> Data extract
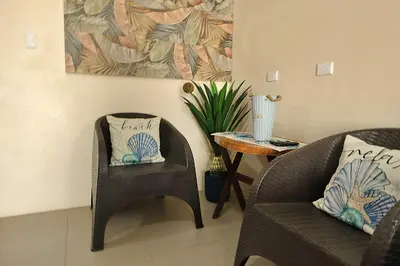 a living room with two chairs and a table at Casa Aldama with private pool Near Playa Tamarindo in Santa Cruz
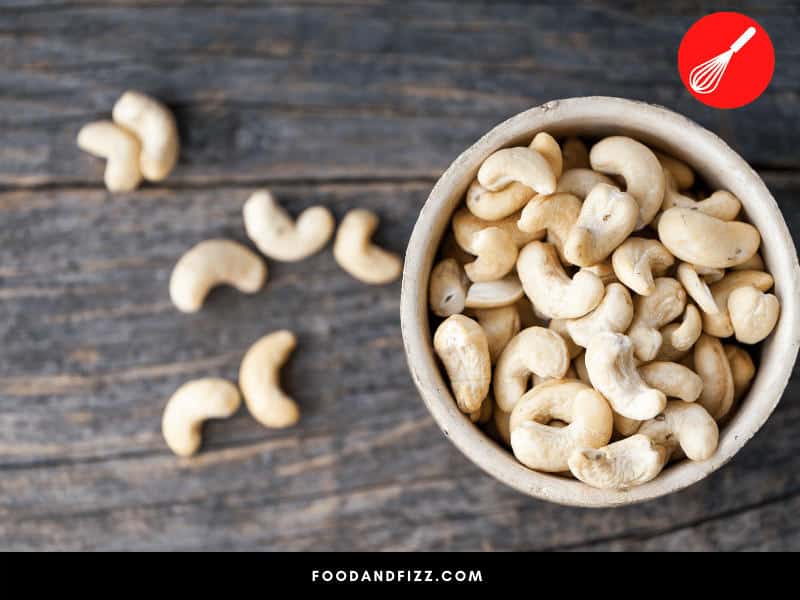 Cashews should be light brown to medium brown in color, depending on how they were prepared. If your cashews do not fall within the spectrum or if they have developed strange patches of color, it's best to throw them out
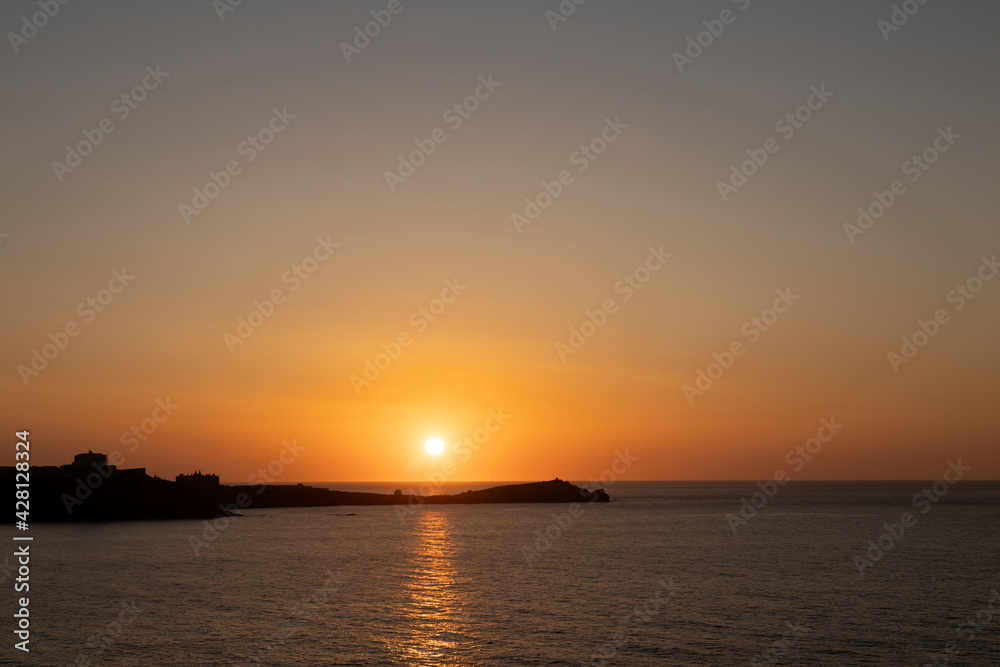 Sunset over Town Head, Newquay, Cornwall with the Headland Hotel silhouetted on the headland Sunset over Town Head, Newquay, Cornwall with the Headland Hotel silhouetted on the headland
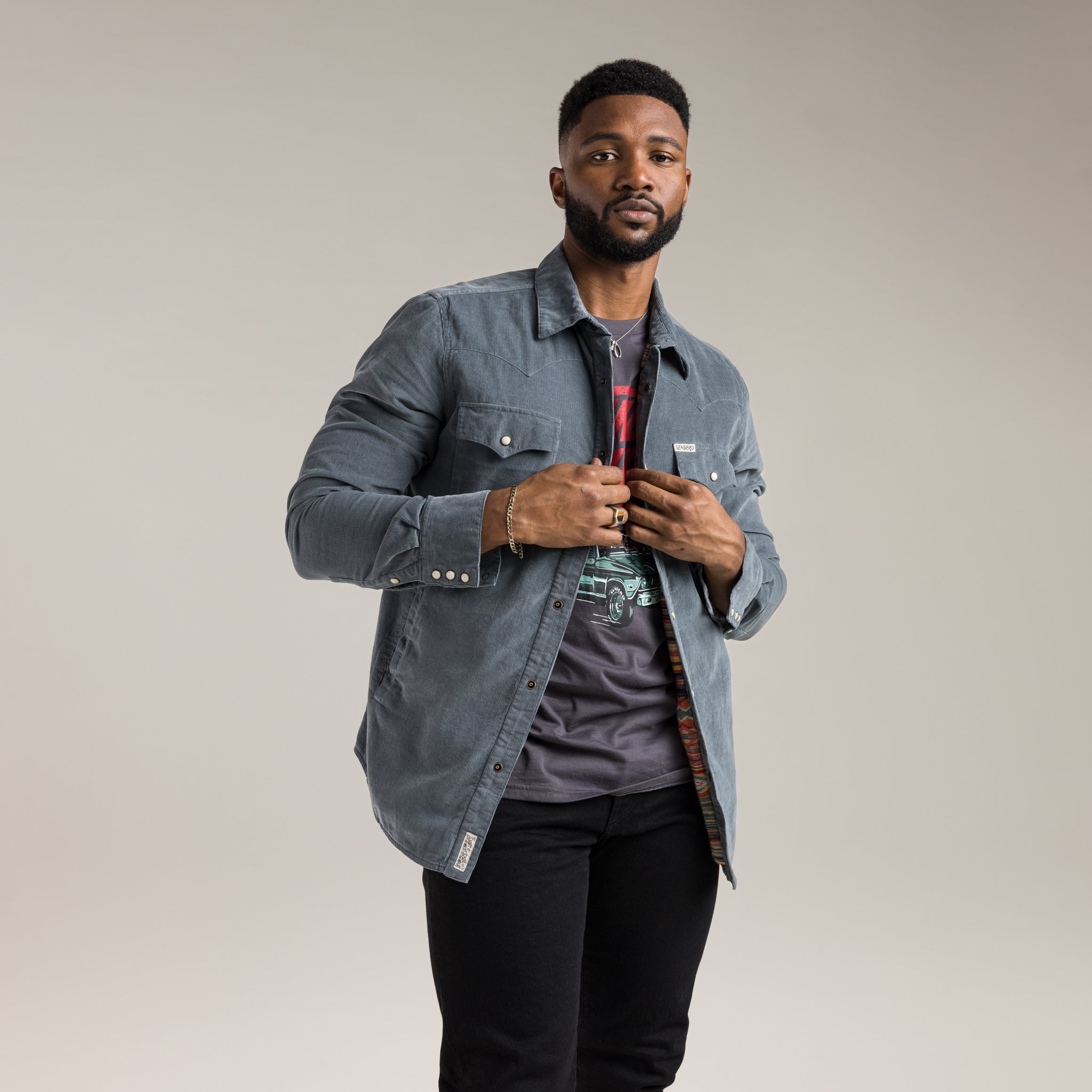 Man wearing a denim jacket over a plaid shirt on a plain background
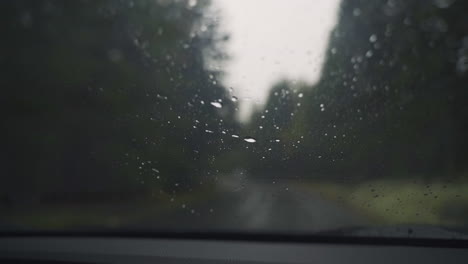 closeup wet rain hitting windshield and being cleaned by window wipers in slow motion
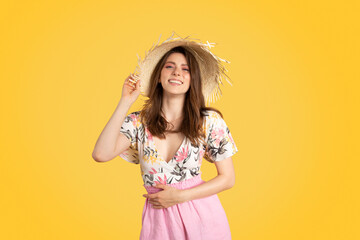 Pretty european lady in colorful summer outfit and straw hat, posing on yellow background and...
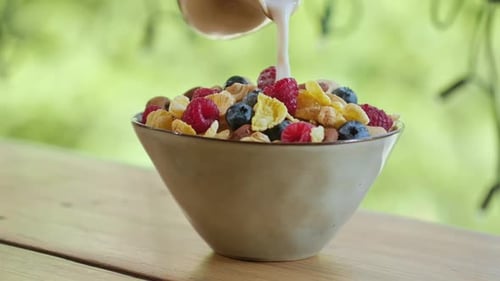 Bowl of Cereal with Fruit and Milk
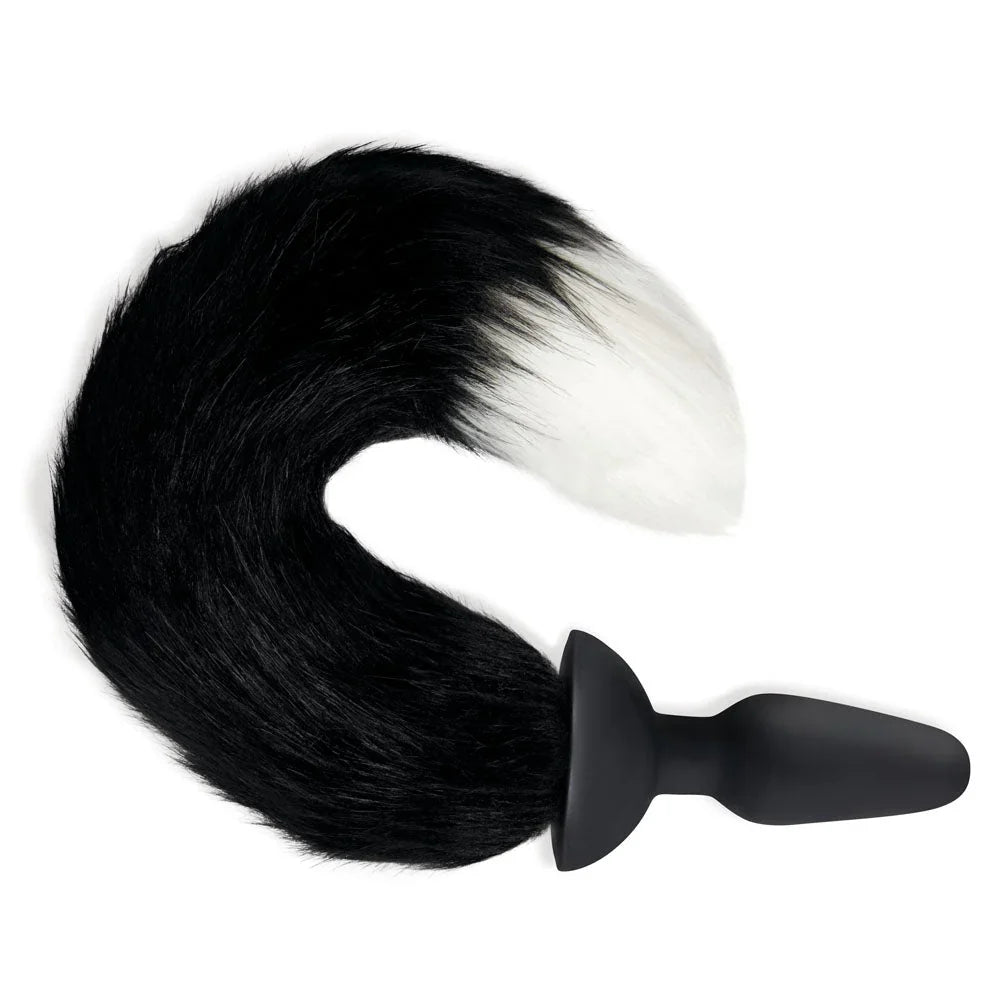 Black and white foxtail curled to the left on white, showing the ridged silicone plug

> Your objective
Could you give all the records again, exactly, minus the pictures?

> Your solution
 a living room with two chairs and a table at Casa Aldama with private pool Near Playa Tamarindo in Santa Cruz
 Cashews should be light brown to medium brown in color, depending on how they were prepared. If your cashews do not fall within the spectrum or if they have developed strange patches of color, it's best to throw them out
 Sunset over Town Head, Newquay, Cornwall with the Headland Hotel silhouetted on the headland Sunset over Town Head, Newquay, Cornwall with the Headland Hotel silhouetted on the headland
 Man wearing a denim jacket over a plaid shirt on a plain background
 closeup wet rain hitting windshield and being cleaned by window wipers in slow motion
 Pretty european lady in colorful summer outfit and straw hat, posing on yellow background and...
 Bowl of Cereal with Fruit and Milk
 Black and white foxtail curled to the left on white, showing the ridged silicone plug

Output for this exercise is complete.